# FSA tool no. EE023???



## Armchair Spaceman (Jun 21, 2003)

Apparently used to Install the M27 QR nut and washer in to the LH. arm on Mega Exo carbon cranks. Can't find anywhere near me - does this tool exist or is there an equivalent??


----------



## C-40 (Feb 4, 2004)

*??*

I assume this nut requires soeme thing other than a hex wrench. FSA is partial to the Torx design. Does it look like a Torx, (also used on the chainring bolts)?


----------



## danl1 (Jul 23, 2005)

C-40 said:


> I assume this nut requires soeme thing other than a hex wrench. FSA is partial to the Torx design. Does it look like a Torx, (also used on the chainring bolts)?

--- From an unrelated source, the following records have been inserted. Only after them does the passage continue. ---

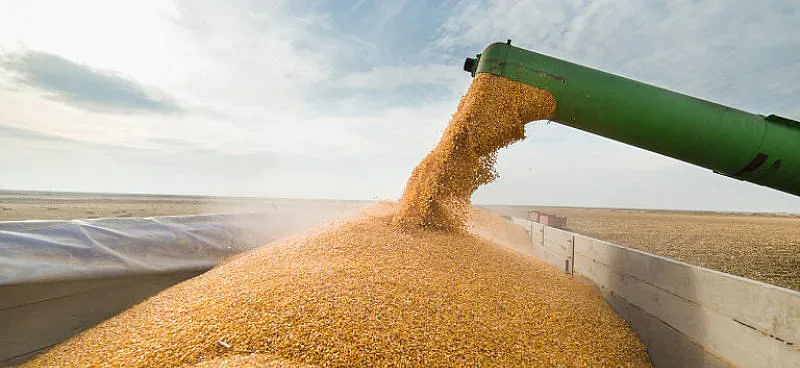 Държавата май няма да купува пшеница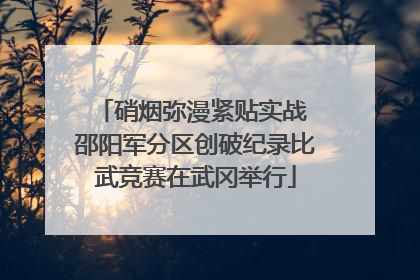 硝烟弥漫紧贴实战 邵阳军分区创破纪录比武竞赛在武冈举行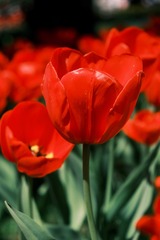 E6D92794-7FB9-4E56-8555-39CEDAFBBEA1/L0/001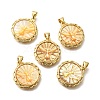 Brass with Natural Shell Carved Pendants KK-Z091-01G-02-1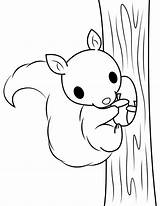 Squirrel Eekhoorn Climbing Klimt Leukekleurplaten Eekhoorns Coloringpage Eikel sketch template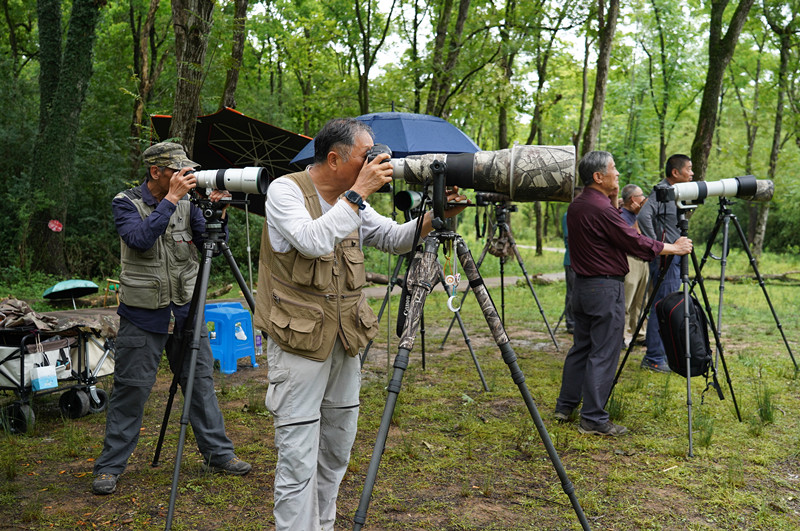 皖屯溪黎陽鎮：綬帶鳥「築巢」  觀鳥經濟興起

One came with my crankset, so if you're buying new it oughta be there. 

Otherwise, C-40 nailed it - it's a T-30 Torx, unless they changed it in one of their bazillion model changes.


----------



## Armchair Spaceman (Jun 21, 2003)

*Not Torx or Hex....*



danl1 said:


> One came with my crankset, so if you're buying new it oughta be there.
> 
> Otherwise, C-40 nailed it - it's a T-30 Torx, unless they changed it in one of their bazillion model changes.

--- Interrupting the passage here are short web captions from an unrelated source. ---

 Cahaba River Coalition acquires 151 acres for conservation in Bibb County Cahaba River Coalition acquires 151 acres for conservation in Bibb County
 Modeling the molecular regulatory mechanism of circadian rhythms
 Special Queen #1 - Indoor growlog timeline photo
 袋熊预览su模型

Thanks guys but it's definitely not Torx or Hex.
It's for installing the "M27x1.0" screw-in cap that goes into the crank arm after the crankbolt - presumably to provide resistance when "self-extracting" (probably obvious but I've not used these things before). The cap thingy has six indentations spaced evenly around the outer surface, each indentation is about 1.5mm across and deep - I've grabbed the attached pic from the instruction manual so image quality is a bit iffy, but the thing I'm talking about is presumably the tool used to tighten part 11.1 in the diagram.


----------



## CFBlue (Jun 28, 1999)

it is called a PIN SPANNER WRENCH TOOL, fairly inexpensive.
they look like a pair of big, oversized tweasers w/ a round end. 
don't know the size but the one that fits the FSA stuff = Park Tools SPA-2
has a RED handle. if you dont want to use Park you could possiblly go to their site and determine size, then go to Sears or somewhere that sells tools.
I purchased a set of 3 off Ebay @ Build Your Bike for $17, had it w/in 2-3 days. 
just checked there site they have the individual Red/ SPA-2 for 6.49
I already had there site open ordering some P-handle hex;s so that's the reason for providing their info, I'm sure they're fairly easy to find, and not promoting anyone, just trying to provide some helpful info.
You are one of the lucky ones, at least you are wanting to take it off instead of trying to keep the damn thing screwed in, The MegaExo has had problems w/ the self extracting washer and fixing bolt that back out during rides, FSA solution Loctite it on!
hope this helps


----------



## Armchair Spaceman (Jun 21, 2003)

*Excellent - thanks*



cycle_doc said:


> it is called a PIN SPANNER WRENCH TOOL, Park Tools SPA-2
> has a RED handle.
> hope this helps


Sure does help - many thanks.


----------



## dpeairs (Feb 23, 2008)

Anyone know where I can find the M27 QR nut and washer? Mine fell off.
Thanks.


----------



## SpamnRice (Nov 17, 2007)

Availible directly from fsa.com. Enter their webstore. It's in there with the cranksets.


----------



## ms6073 (Jul 7, 2005)

Armchair Spaceman said:


> Can't find anywhere near me - does this tool exist or is there an equivalent??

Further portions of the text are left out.